Planets with a strong magnetic field can create peculiar environments in their immediate vicinity. Earth’s magnetosphere protects us and also creates the Van Allen belts of radiation. Jupiter’s magnetosphere is the largest structure within the Solar System. Saturn, too, has an impressive magnetosphere, and new research suggests that it is quite lopsided.
The magnetic structure of the Lord of the Rings extends to be 10 times wider than the planet itself. On Earth, the magnetosphere is shaped by the internal geodynamo and by the solar wind from the Sun. From the Sun's perspective, it has two symmetric lobes: its cusp is said to be at 12 o'clock.
Saturn’s, instead, has a lobe much larger than the other, with the cusp located between one o'clock and three o'clock on an imaginary clock face. The cause for this is twofold. Saturn rotates very fast on its axis, in just 10.7 hours, helping shift the magnetosphere. On top of that, the plasma present in the Saturnian system – especially that produced by Enceladus – contributes to this lopsidedness.
“By combining Cassini observations with simulations, we found that Saturn's rapid rotation and the plasma from its moon Enceladus together shape the asymmetric global distribution of the cusps,” lead author Dr Yan Xu, from the Southern University of Science and Technology in China, said in a statement. “We hope this gives some useful reference for future exploration of Jupiter's and Saturn's space environments.”

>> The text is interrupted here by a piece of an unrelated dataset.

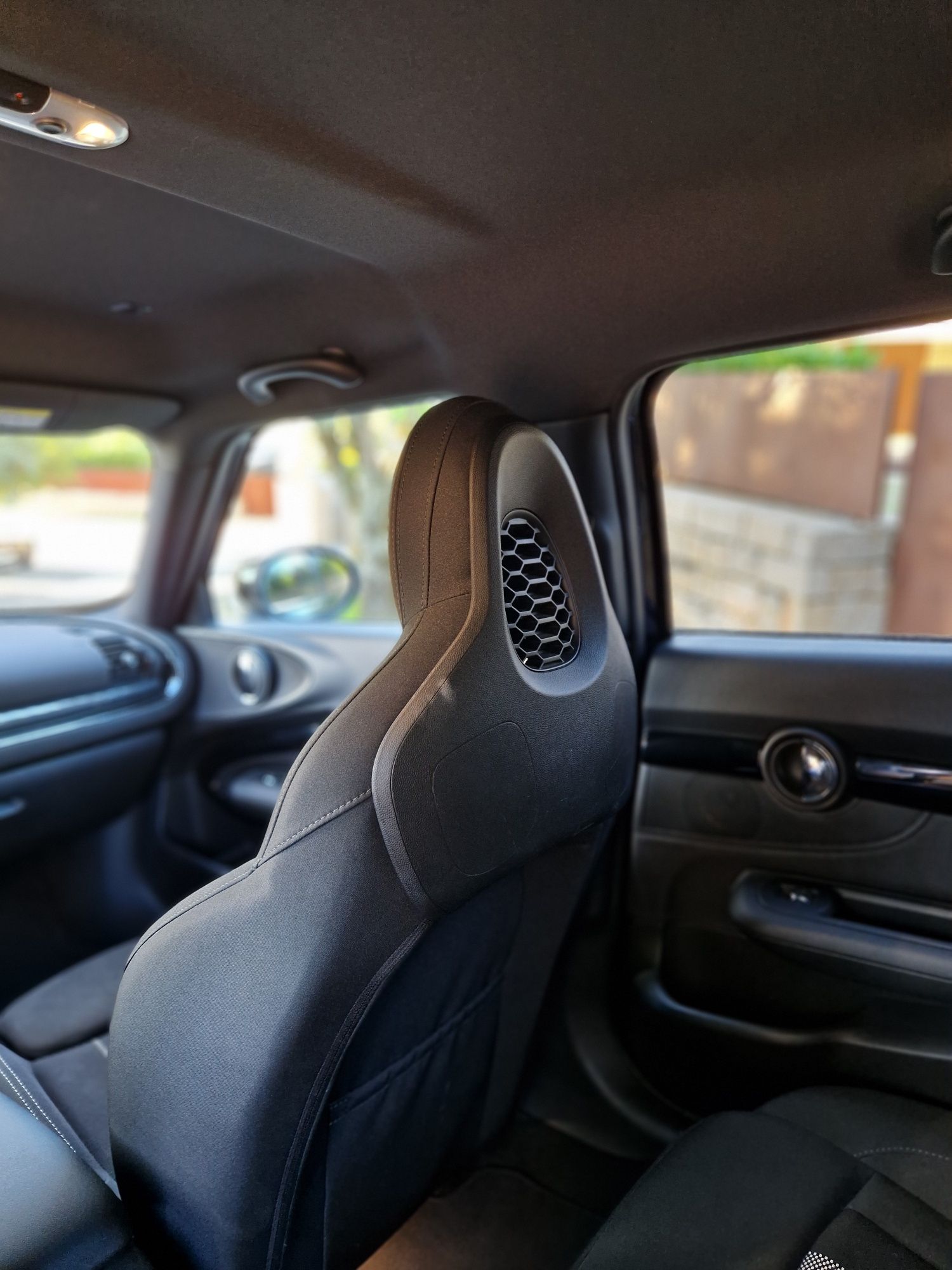 MINI CLUBMAN John Cooper Works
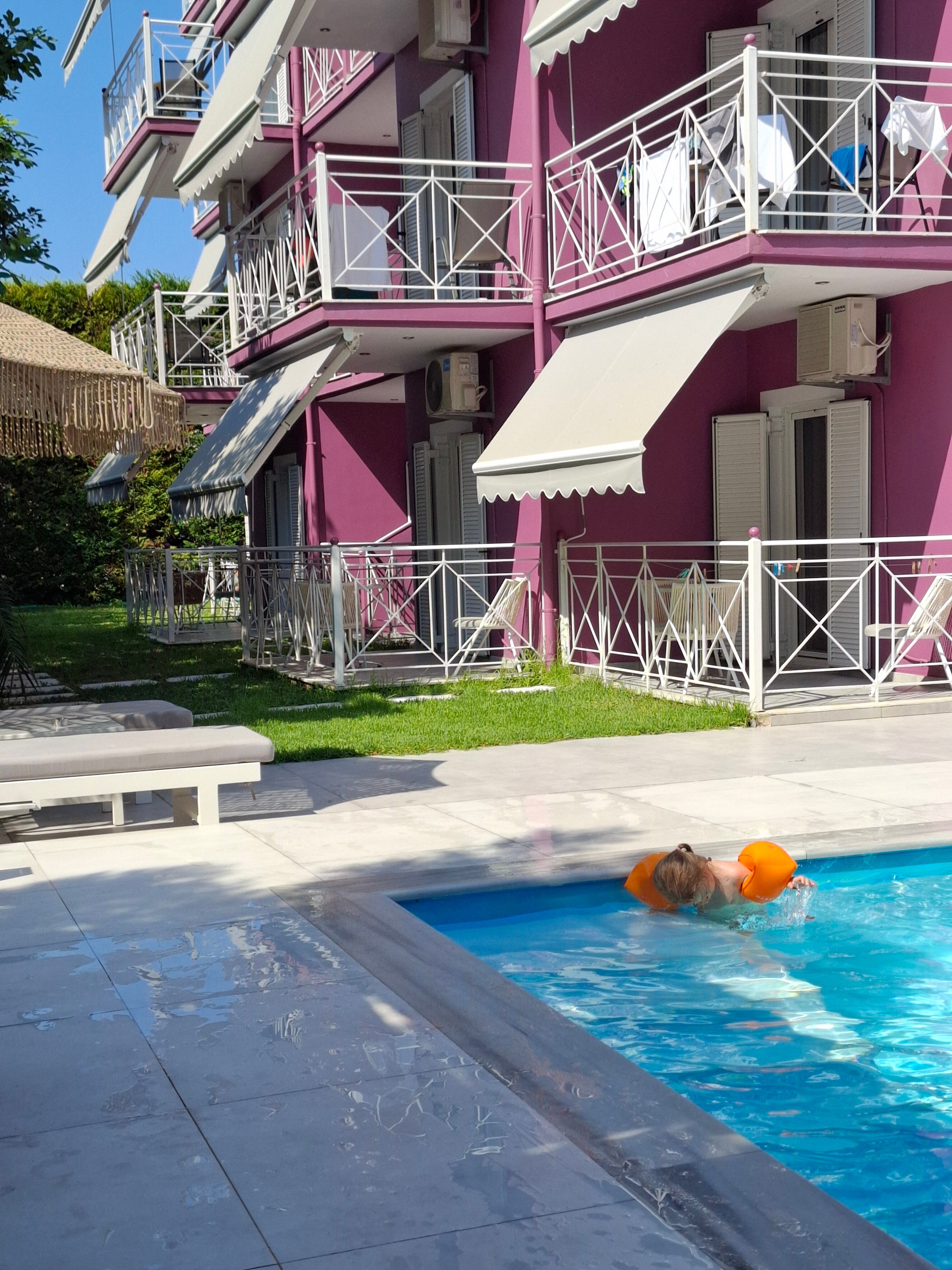 Ideal Boutique Hotel - Ideal House-浴室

The Cassini mission discovered that Enceladus’s south pole releases geysers that form a very wide and very faint ring. The water molecules that escape can become ionized, and it was discovered recently that this was creating waves in the magnetosphere. Now, we know that the effect is even bigger.
“The cusp is the place where the solar wind can slip directly into the magnetosphere. Knowing the location of Saturn’s cusp can help us better understand and map the whole magnetic bubble,” added co-author Professor Andrew Coates, from Mullard Space Science Laboratory at UCL.
“This study also provides critical evidence for a long-held theory – that the rapid spin of massive planets like Saturn with active moons replaces the solar wind as the dominant force shaping magnetospheres. It shows that Saturn’s magnetosphere, as well as the magnetospheres of other rapidly spinning gas giants, likely differ fundamentally from Earth’s.”
“Enceladus itself is a key driver of this environment, releasing huge amounts of water vapour that gets ionised, loading the magnetosphere with heavy plasma that is then pulled around as the planet spins.”
The Cassini-Huygens mission was a collaboration of NASA, the European Space Agency (ESA), and the Italian Space Agency. The discovery of a liquid ocean and interesting chemistry on Enceladus has prompted ESA to plan a mission back to the icy moon to study whether it might host life.
“A better understanding of Saturn’s environment is especially urgent now as plans for our return to Saturn and its moon Enceladus start to be developed. These results feed into the excitement that we are going back there. This time we will look for evidence of habitability and for potential signs of life.”
The study is published in the journal Nature Communications.